Derrick Rose is a role model for every kid who grows up in Englewood or any other poverty-stricken neighborhood, utilizes his God-given and self-imposed talents while striving to overcome one obstacle after another that society throws in his path and finally achieves riches and stardom.
Good for him. It's a good Hollywood script.
But Rose sends the wrong message if he uses those physical and athletic skills to manipulate a system designed to determine right from wrong, morally or ethically or legally. It worked for him. But how many other kids who desire to be "the next Derrick Rose" will realize his dream?
Not many. For every Derrick Rose or Kevin Garnett, there are thousands who aren't good enough to start on their high school team or aren't good enough to earn a Division I scholarship or aren't good enough to be drafted by a NBA team.
Think about it. Think of all the outstanding high school players you have seen or heard about who dreamed of NBA stardom and never made it. Some were good enough to extend their basketball careers by playing overseas, in Europe or Australia or South America or Japan or Israel. But they never got to the NBA. Others, sadly, never prepared themselves for life after basketball.
Whatever happened to Raymond McCoy, Audie Matthews, Bernard Jackson, Thomas Hamilton, Jamie Brandon, Ronnie Fields, Leon Smith, Cedrick Banks, DeAndre Thomas, Howard Nathan, Sherell Ford, Billy Harris...all great high school players, even players of the year, playground legends who failed, for one reason or another, to score at the next level?
The lesson in all of this is there are no guarantees, no matter how good you or the media or college coaches or your posse think you are, that fate will deliver you to the NBA or NFL or MLB.
The NBA did Rose a favor. He wasn't ready to leap from Simeon High School to the NBA. He wasn't in Garnett's class. Nobody talked about Rose as a lottery pick. However, because of the NBA's new rule requiring high school seniors to attend at least one year of college, Rose had to get another year of seasoning.

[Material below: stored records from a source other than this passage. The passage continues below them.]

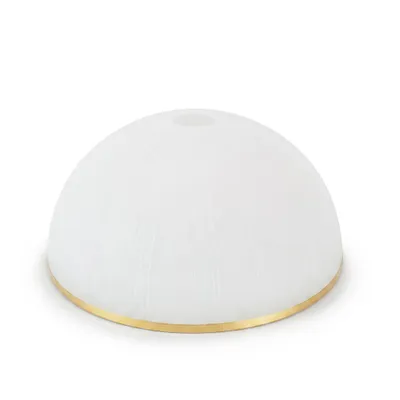 Produktbild von LUXOLAR Glasschirm E27 Weiß Matt Halbkugel Goldstreifen Ø30 cm H14,5 cm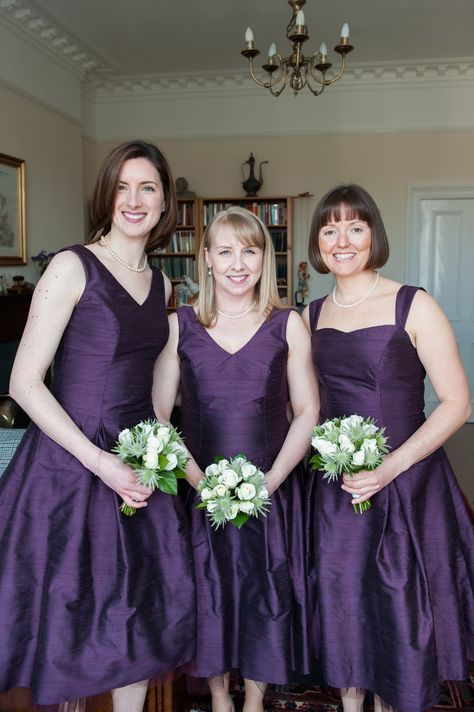 lovely black current coloured orissa silk bridesmaids dresses with different necklins, photo by https://www.firstlightweddings.co.uk/ Silk Bridesmaids Dresses, Different Bridesmaid Dresses, Silk Bridesmaid Dresses, Black Currant, Bridesmaids Dresses, Dressmaking, Bodice, Colorful Dresses, Short Dresses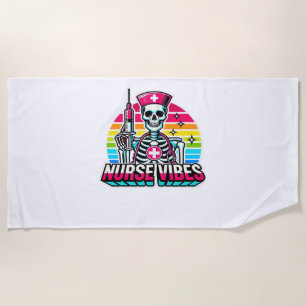 Retro Neon Skeleton Nurse - Funny Spooky Medical D Strandtuch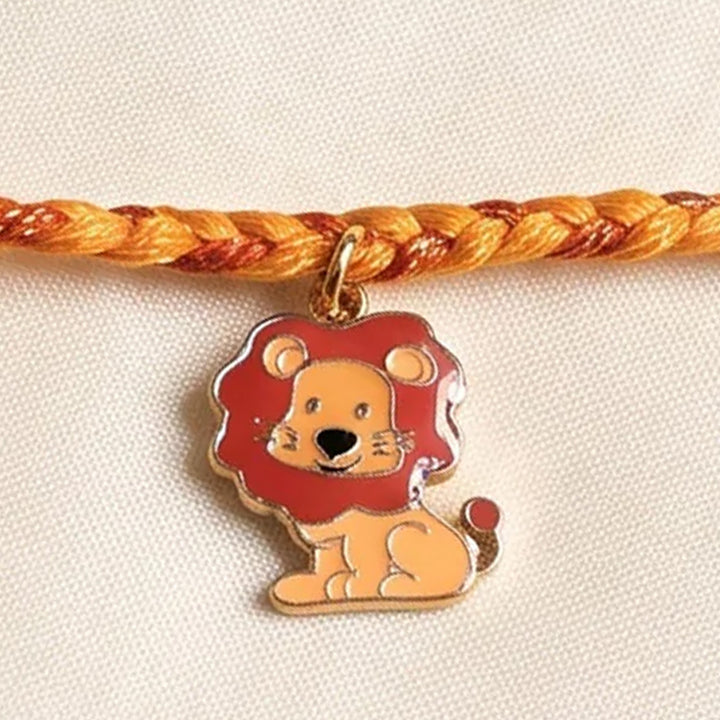Handmade Lion Charm Rakhi With Roli Chawal For Kids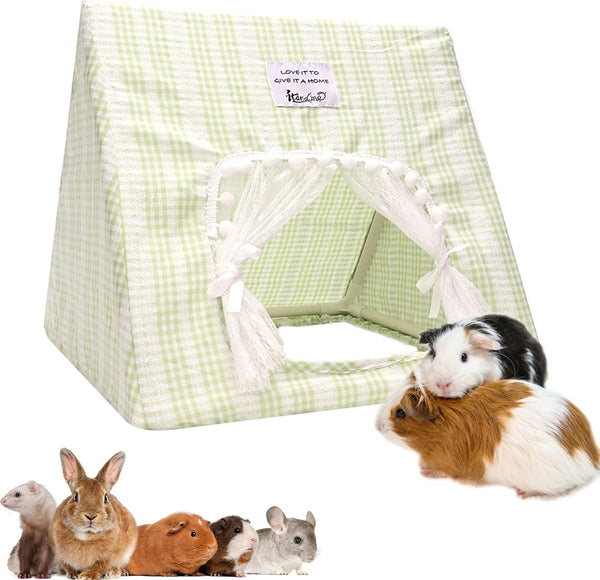 Jenvd Guinea Pig Hideout Large with Curtain, Machine Washable Bunny Hideout | Bottomless Guinea Pig Hide Tent Houses & Habitats, Easy-Clean Small Animal Hideout for Pet Rabbit, Rat, Chinchilla, Squirrel6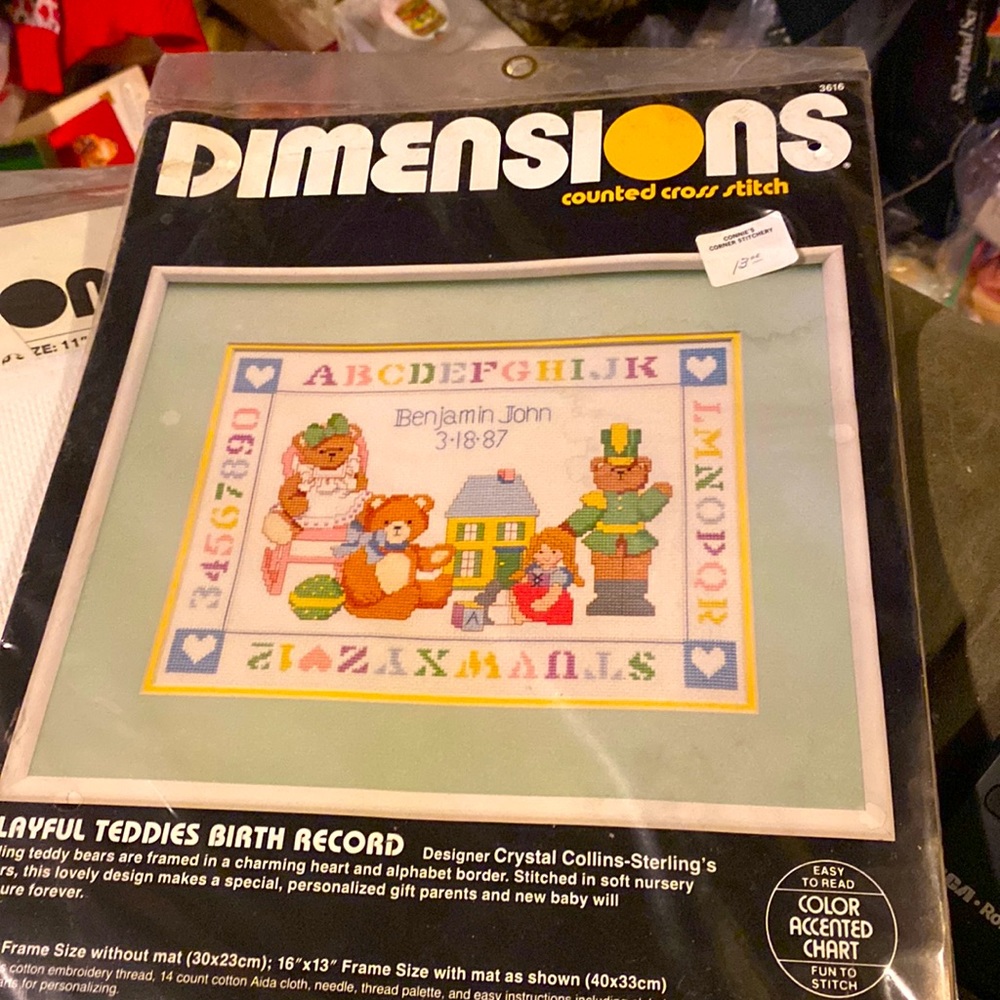 Vintage new DIMENSION counted cross stitch. Playful teddies birth records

He chose Memphis because coach John Calipari has a well-deserved reputation for preparing players for the NBA. And that's what he did for Rose. Do you think Rose would have been the No. 1 pick in the NBA draft coming out of Simeon? Do you think he would have been drafted at all? No matter, the year at Memphis removed all doubts.
But did he get to Memphis on his own academic merits or with a little help from his friends? Wouldn't you love to see his freshman transcript? Wouldn't you kill to know the courses he took? NBA Preparation 101? How to sign autographs? How to give interviews? How to make your shoe company sponsor proud?
That's all well and good. Rose wanted to be a professional basketball player--like Dick Butkus wanted to be a professional football player--and he never thought about being a teacher, lawyer or bricklayer.
But do these kids ever wonder what they would do with their lives if, God forbid, they suffered a career-ending injury before their first game in college or the NBA? If they were 21 years old and never could play basketball again? Are they prepared to do anything but shoot jump shots? Will their friends still be going to the mall with them when they can't get them front row seats anymore?